= EXERCISE REQUIREMENTS =
Below are records with pictures in them. Transcribe everything from the line containing "Top 5 Car Battery Functions" down to the line containing "Century Systems Heart", exactly, and leave the pictures behind.

= DATASET RECORDS =
┏━━

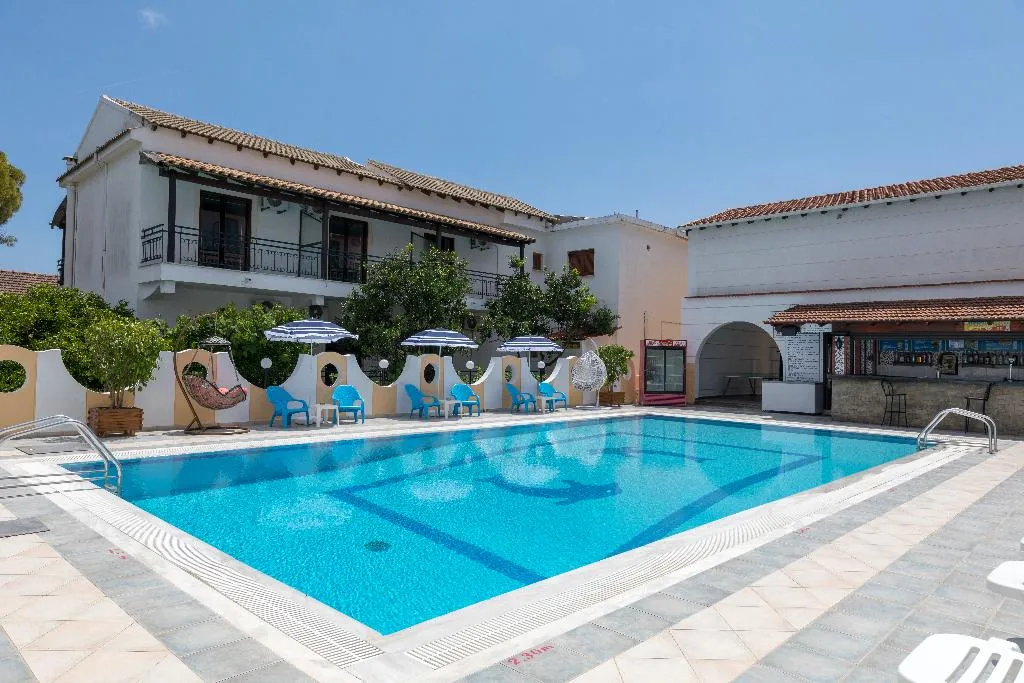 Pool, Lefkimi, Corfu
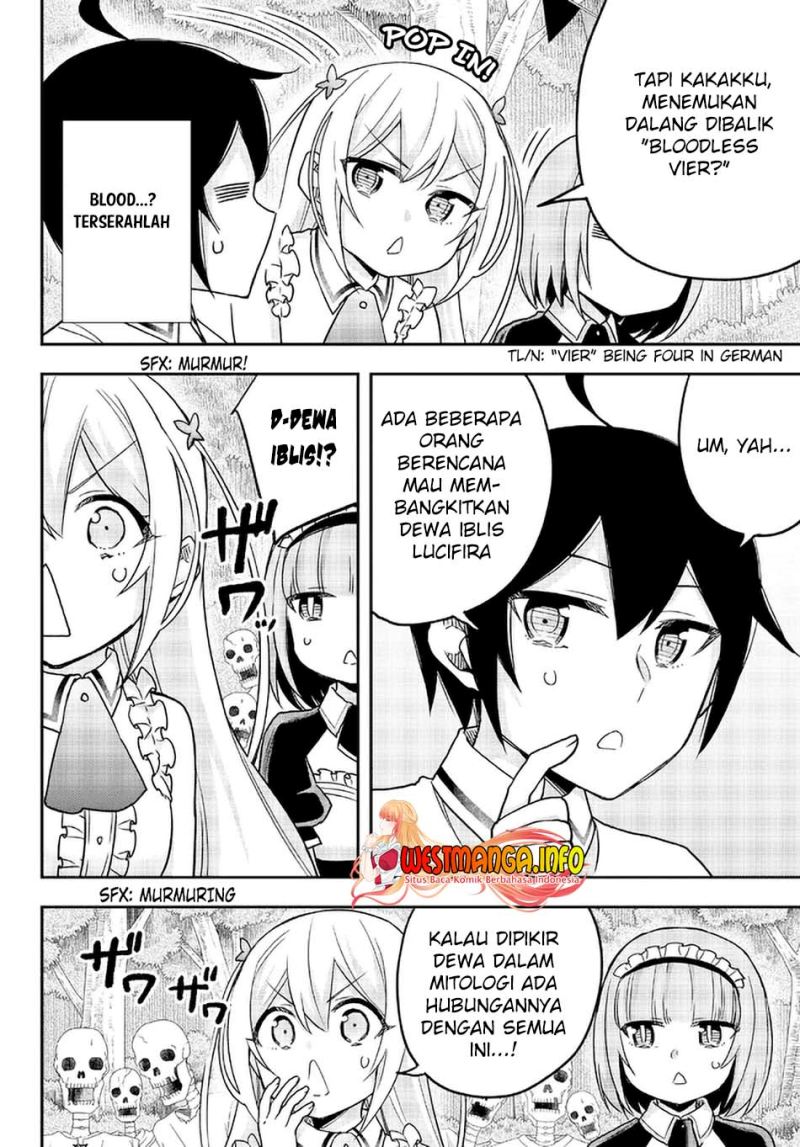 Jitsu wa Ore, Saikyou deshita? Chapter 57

┗━━
┏━━

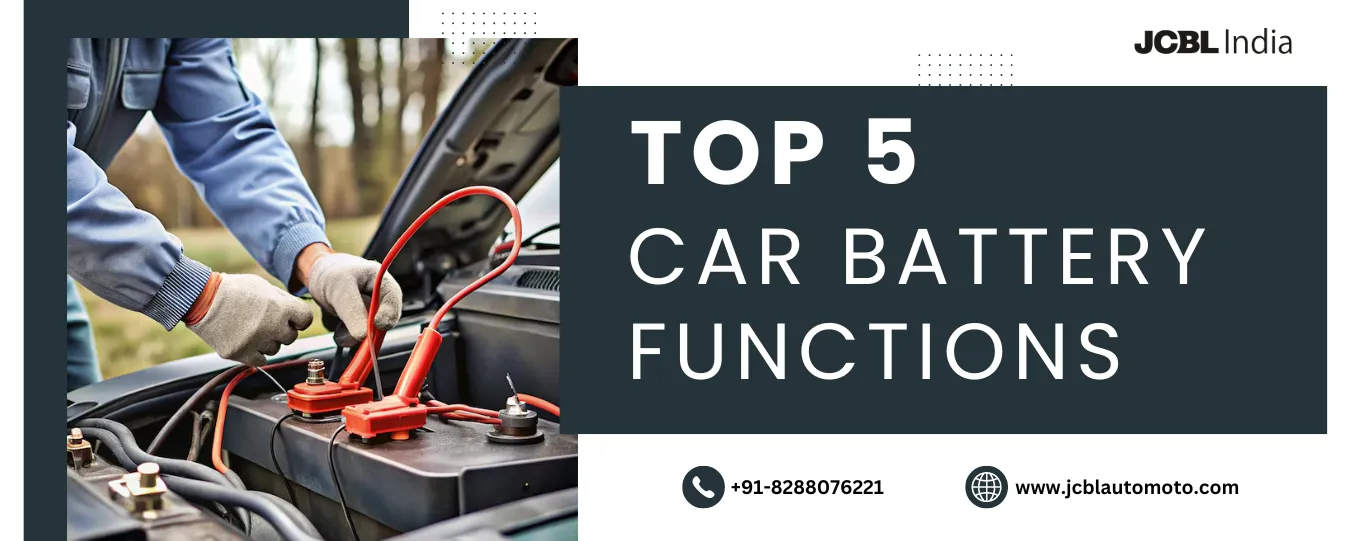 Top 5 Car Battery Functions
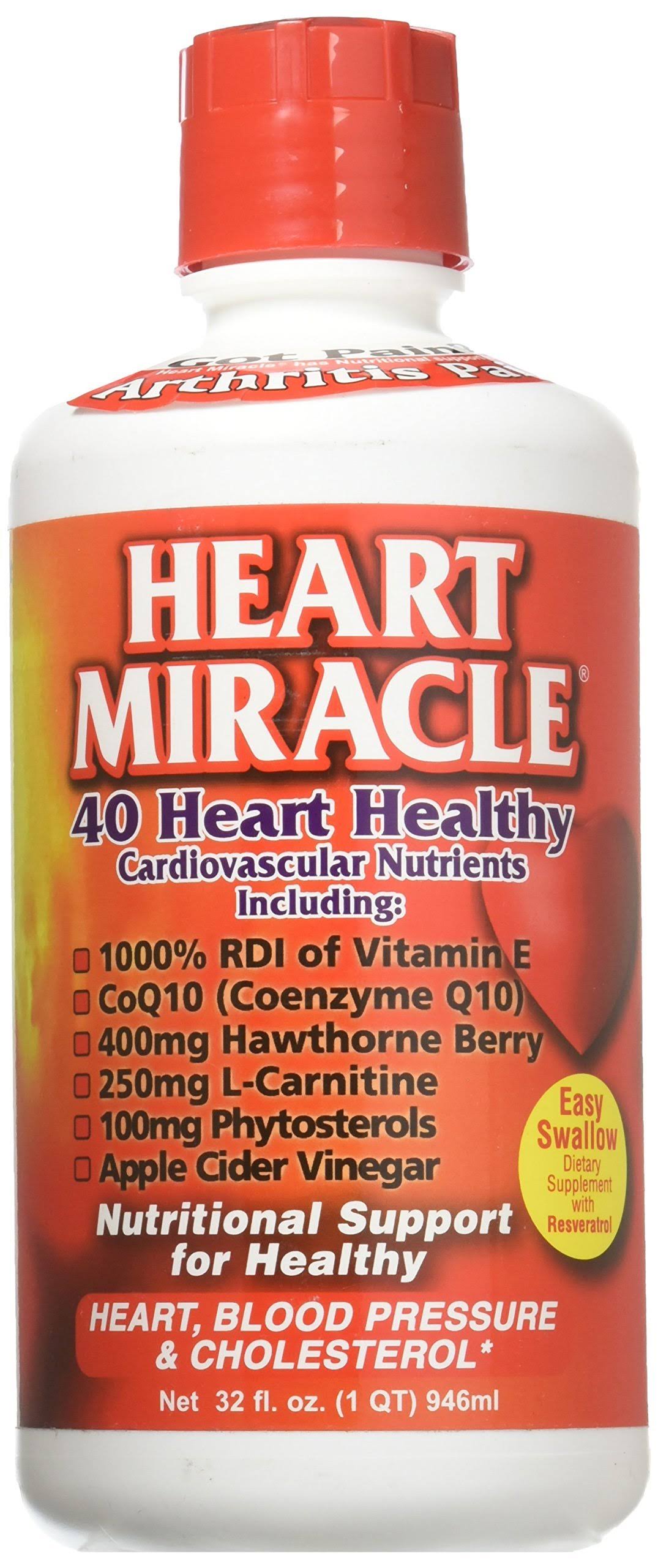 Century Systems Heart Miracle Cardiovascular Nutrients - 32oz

┗━━
┏━━

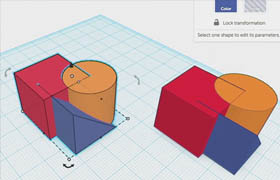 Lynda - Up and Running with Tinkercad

┗━━

= FINAL ANSWER =
 Top 5 Car Battery Functions
 Century Systems Heart Miracle Cardiovascular Nutrients - 32oz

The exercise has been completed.